» **Task directions**
Your copy should start at the line with "Hello and welcome" and end at the line with "Conclusion: In this" in the data below. Transcribe only those lines, exactly, pictures excluded.

» **Data supplied**

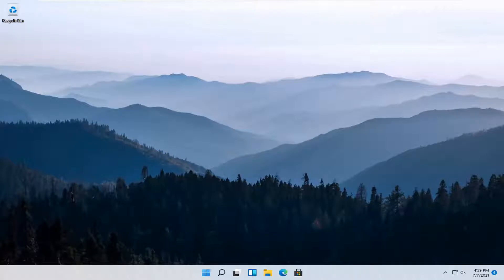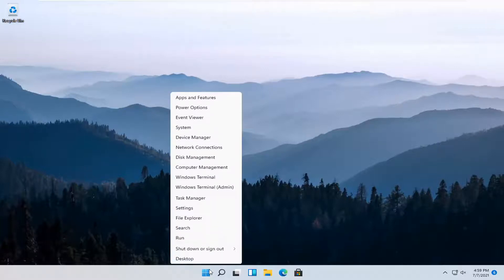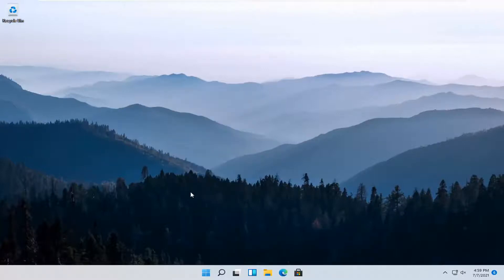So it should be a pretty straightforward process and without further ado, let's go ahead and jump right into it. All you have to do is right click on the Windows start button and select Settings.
...
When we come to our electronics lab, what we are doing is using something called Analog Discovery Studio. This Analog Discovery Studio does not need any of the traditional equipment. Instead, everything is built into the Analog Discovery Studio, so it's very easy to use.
--
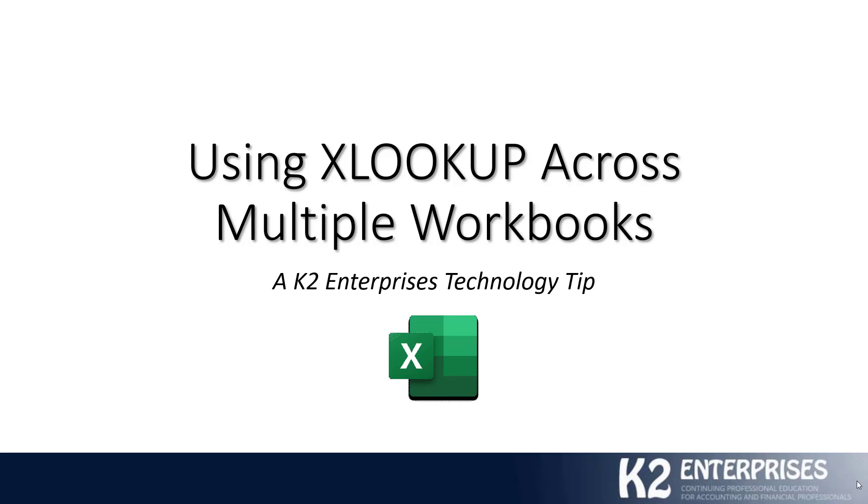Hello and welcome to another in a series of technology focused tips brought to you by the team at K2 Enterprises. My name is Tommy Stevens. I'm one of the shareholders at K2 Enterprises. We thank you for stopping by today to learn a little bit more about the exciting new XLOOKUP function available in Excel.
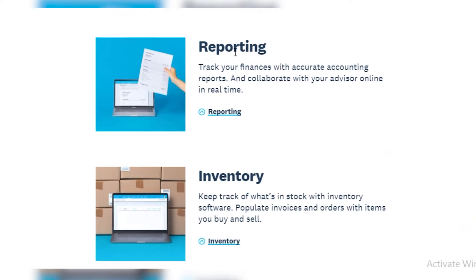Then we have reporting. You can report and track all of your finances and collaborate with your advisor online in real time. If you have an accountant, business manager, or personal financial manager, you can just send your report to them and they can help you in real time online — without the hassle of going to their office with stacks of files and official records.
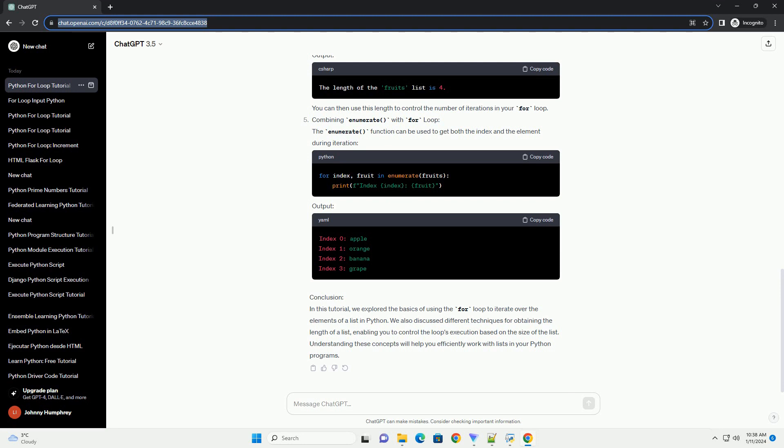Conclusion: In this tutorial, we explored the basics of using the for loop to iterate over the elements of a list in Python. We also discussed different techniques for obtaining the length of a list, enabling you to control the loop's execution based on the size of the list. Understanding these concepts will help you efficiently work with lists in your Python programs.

» **Completed task**
Hello and welcome to another in a series of technology focused tips brought to you by the team at K2 Enterprises. My name is Tommy Stevens. I'm one of the shareholders at K2 Enterprises. We thank you for stopping by today to learn a little bit more about the exciting new XLOOKUP function available in Excel.
Then we have reporting. You can report and track all of your finances and collaborate with your advisor online in real time. If you have an accountant, business manager, or personal financial manager, you can just send your report to them and they can help you in real time online — without the hassle of going to their office with stacks of files and official records.
Conclusion: In this tutorial, we explored the basics of using the for loop to iterate over the elements of a list in Python. We also discussed different techniques for obtaining the length of a list, enabling you to control the loop's execution based on the size of the list. Understanding these concepts will help you efficiently work with lists in your Python programs.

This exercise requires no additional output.